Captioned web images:
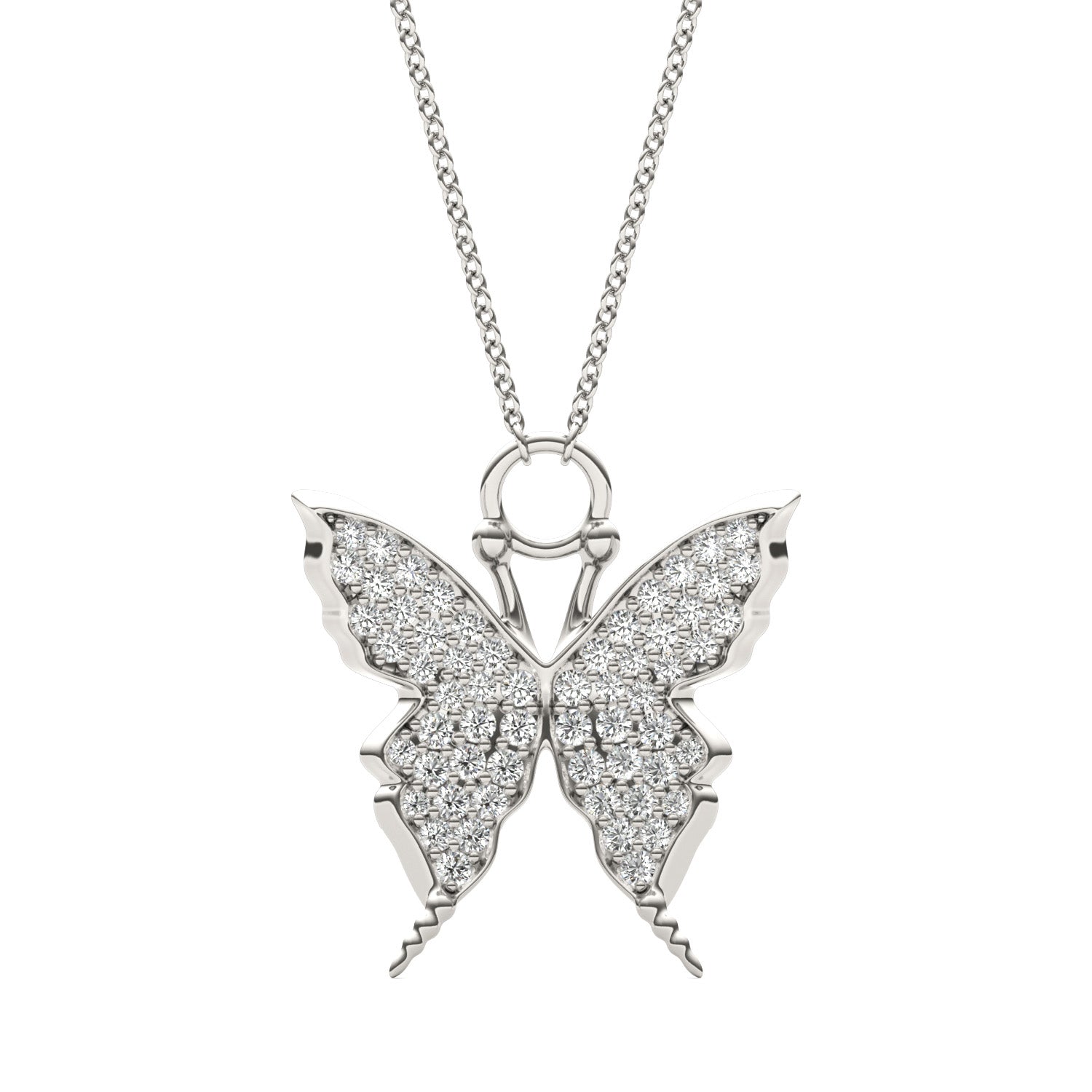 1/4 CTW Round Caydia® Lab Grown Diamond Butterfly Pendant Necklace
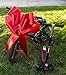 Giant Red Bow for Cars 23” Perfect on a New Car Big Bows Tie, for Birthday Gifts on Graduation Gifts, New Houses, Christmas Presents. A Multipurpose Bow for Many Surprises.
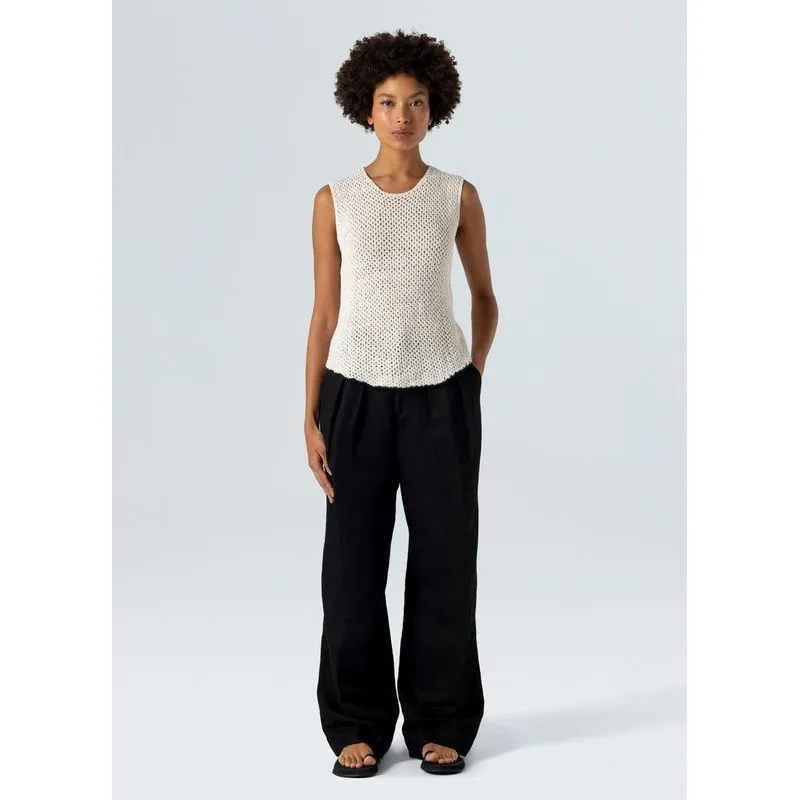 Regata tricot tela Regata fem tricot tela - off white - G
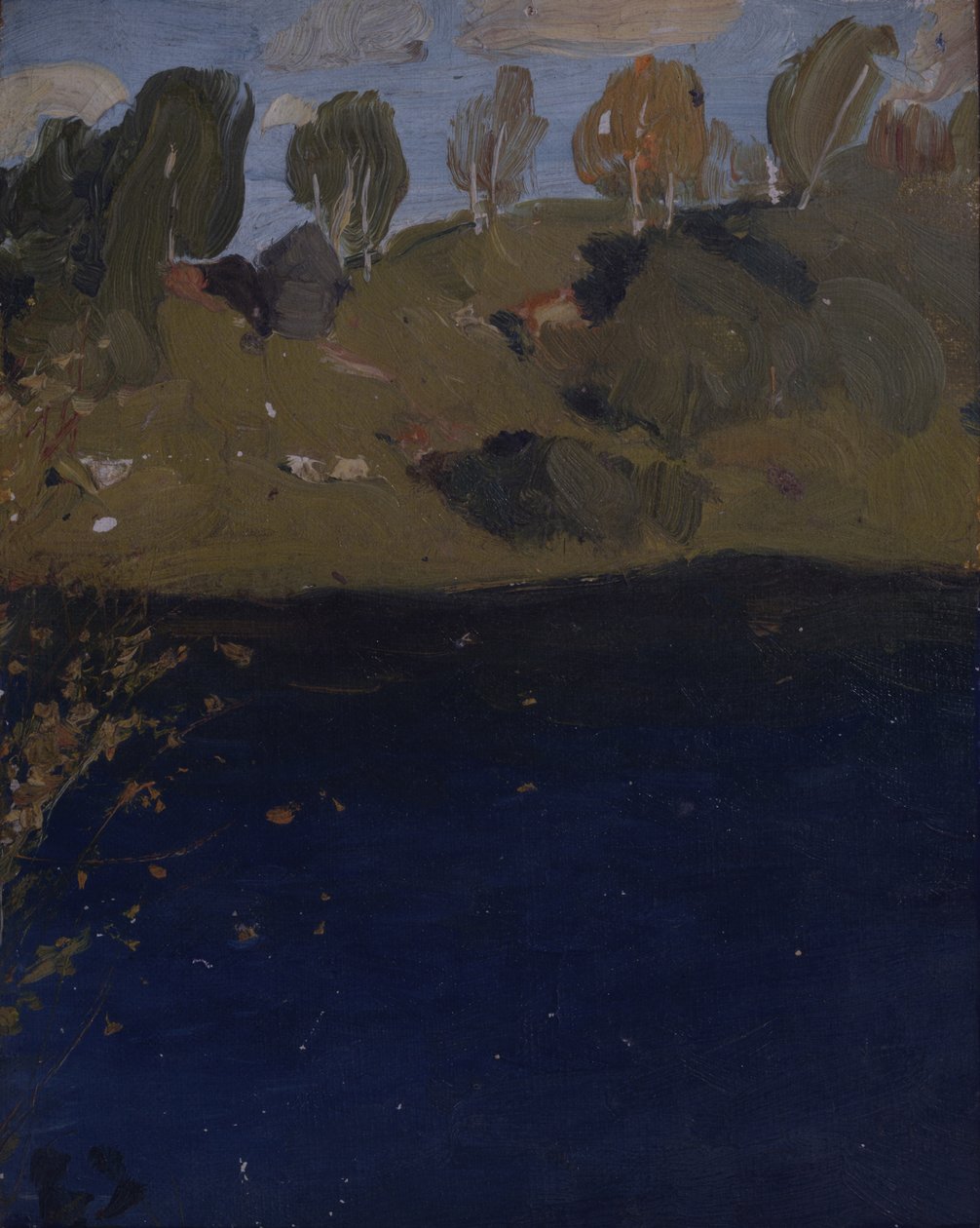 Bir gölde. Sonbahar, 1890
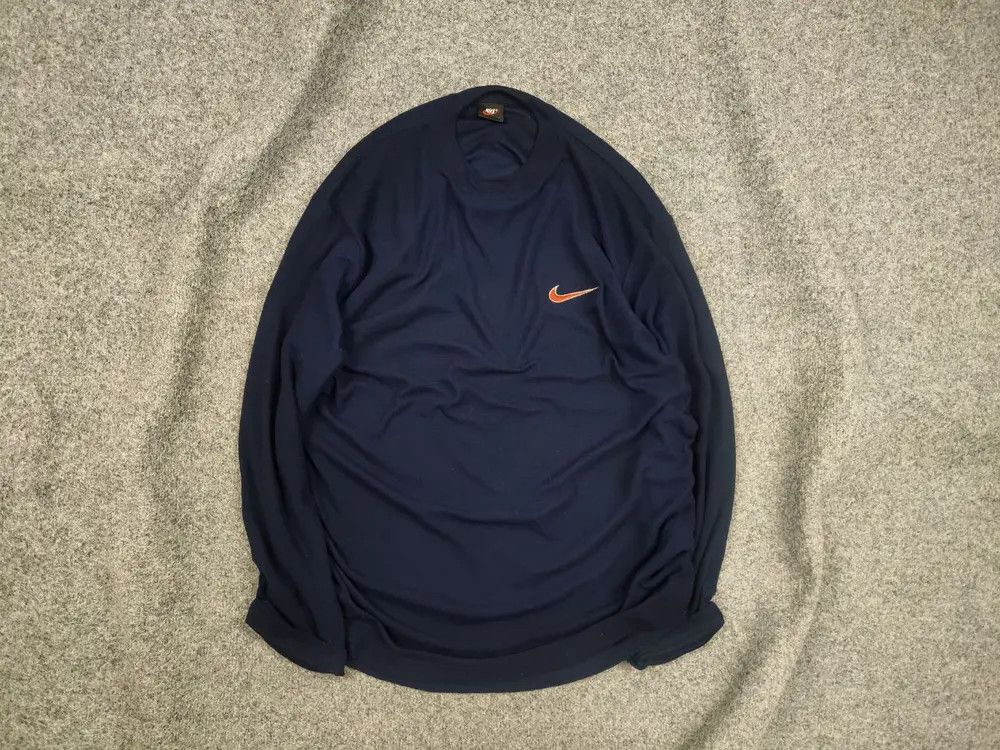 Nike Vintage 90's Nike Logo Navy blue Long sleeve Sweatshirt Size US M / EU 48-50 / 2 - 1 Thumbnail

_EXERCISE GOAL:_ Omit the pictures; set down each record exactly.

_ANSWER FOR THE TASK:_
 1/4 CTW Round Caydia® Lab Grown Diamond Butterfly Pendant Necklace
 Giant Red Bow for Cars 23” Perfect on a New Car Big Bows Tie, for Birthday Gifts on Graduation Gifts, New Houses, Christmas Presents. A Multipurpose Bow for Many Surprises.
 Regata tricot tela Regata fem tricot tela - off white - G
 Bir gölde. Sonbahar, 1890
 Nike Vintage 90's Nike Logo Navy blue Long sleeve Sweatshirt Size US M / EU 48-50 / 2 - 1 Thumbnail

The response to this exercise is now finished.